BEGIN Recorded data
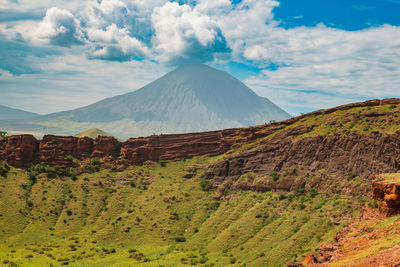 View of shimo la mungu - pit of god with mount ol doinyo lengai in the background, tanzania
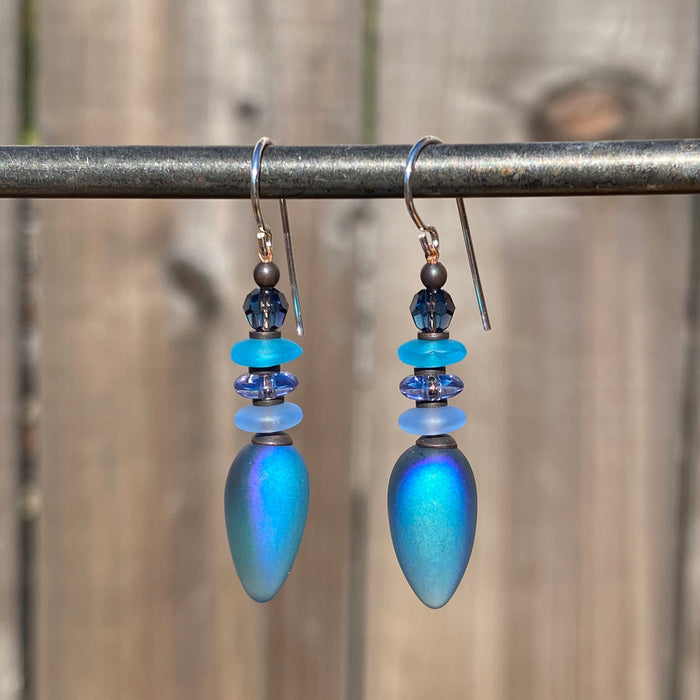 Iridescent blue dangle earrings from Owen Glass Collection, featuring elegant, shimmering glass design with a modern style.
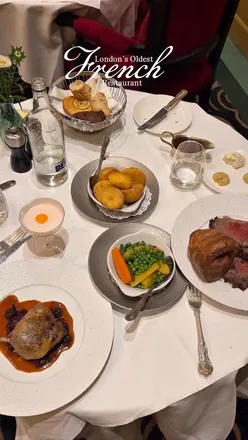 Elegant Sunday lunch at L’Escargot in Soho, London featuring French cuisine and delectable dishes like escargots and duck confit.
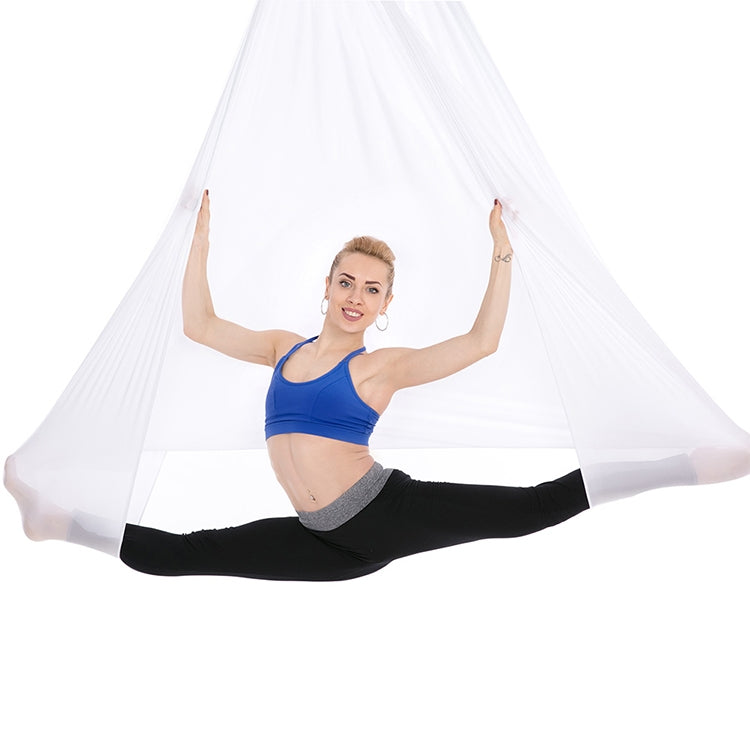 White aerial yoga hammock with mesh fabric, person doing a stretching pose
END Recorded data
Work task: Would you transcribe the whole listing above exactly? The pictures should not be included.

Output below:
 View of shimo la mungu - pit of god with mount ol doinyo lengai in the background, tanzania
 Iridescent blue dangle earrings from Owen Glass Collection, featuring elegant, shimmering glass design with a modern style.
 Elegant Sunday lunch at L’Escargot in Soho, London featuring French cuisine and delectable dishes like escargots and duck confit.
 White aerial yoga hammock with mesh fabric, person doing a stretching pose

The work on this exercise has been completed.